If, on this Most Holy Day of cruelty, fear, anguish, and unnerving contemplation - - if, still couched in medieval darkness, the church has reduced you to a groveling sinner, cowering in your unworthy human nature, there is good news, hallelujah, for the gospel of Jesus Christ is that God loves you just as you are, the way you are, notwithstanding this horrific event at human hands.
Yes, we preach Christ Crucified, but “The Gospel” is not the sacrifice of Calvary in which the Church has reimaged and reimagined a standard capital punishment from that era of bestial Roman cruelty, into a unique and unspeakable crime against the Creating God, plunging humanity into darkness, and separating us from the love of God, and raising the specter of Hell to bully frightened faithful into obedience. That’s not it.

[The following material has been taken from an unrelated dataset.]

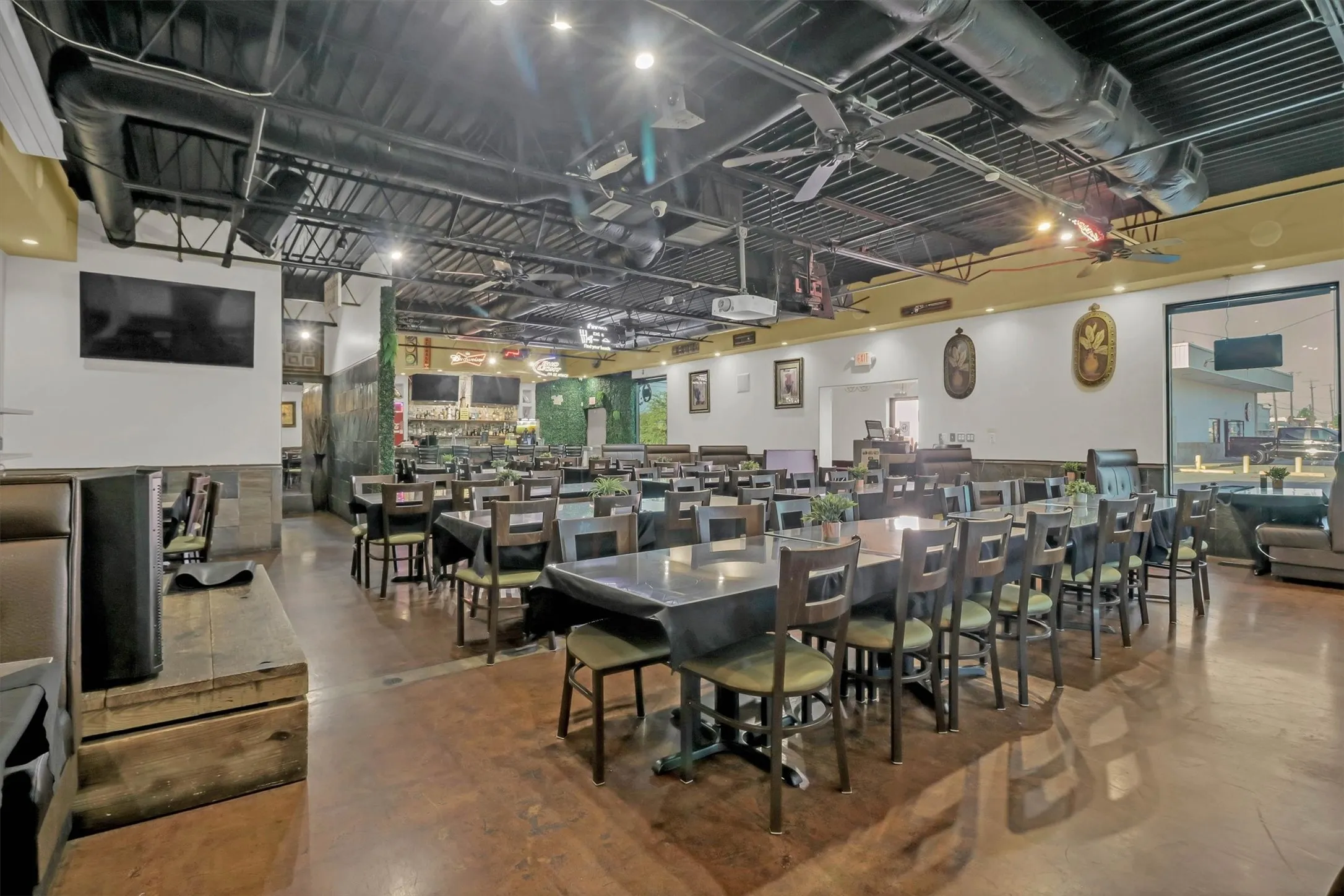 Spacious interior with exposed ductwork, recessed lighting, and ceiling fans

That’s not it: the gospel of Jesus Christ is God’s deliberate offering of himself, because you see, our incomprehensible Trinitarian doctrine (BCP 864) is not that God the Father cowardly sends his meek, innocent, and obedient Son - - but that The One God Himself comes Incarnate, comes to teach us to love God and love each other, and God suffers the life and fate of any human (Carl Jung says the crucifixion was God’s penance for the divine atrocity against innocent Job). Regardless, the Good Friday gospel surprises us on Easter morning with the resurrection news that God loves us no matter what. No matter what we do to God, no matter what we do to ourselves and each other, we cannot escape the loving presence of God. God lives, God loves, God comes again, and God finds us wherever we are.
This week I preached the funeral of a family friend of seven decades. One of the readings his family selected was Psalm 139. An ancient Jewish hymn of which Easter Day is ultimate proof, Psalm 139 is just as much Gospel truth as our Resurrection story: Psalm 139, listen to a couple verses —
LORD, you have searched me out and known me; you know my sitting down and my rising up; you discern my thoughts from afar.
You trace my journeys and my resting-places
and are acquainted with all my ways.
Indeed, there is not a word on my lips,
but you, LORD, know it altogether.
You press upon me behind and before
and lay your hand upon me. …
Where can I go then from your Spirit?
where can I flee from your presence?
If I climb up to heaven, you are there;
if I make my bed in hell, you are there also.
If I take the wings of the morning
and dwell in the uttermost parts of the sea,
Even there your hand will lead me
and your right hand hold me fast.
The Holy Gospel is that even the agonizing horror of Good Friday did not, can not, does not separate us from the love of God in Jesus Christ. Do not leave this place today feeling heavy, guilty, stomped into the ground: the Church no longer preaches from the Dark Ages, you are not guilty. You did not crucify. You have loved God, you have loved your neighbor, God is not obsessed with your sins, but with agápē, your faithful, gracious lovingkindess.
Although our liturgy for Good Friday requires a Confession of Sin before Communion, the celebrant may withhold an Absolution on this day, leaving you stunned in suspense. But the Love of God transcends Divine Liturgy and the Church, and I declare to you that your sins are forgiven. Forgiven, forgiven, forgiven, and you are right with God, saved by the Blood of Jesus.
Behold the Cross of Christ: come -- touch -- claim your salvation, Hallelujah!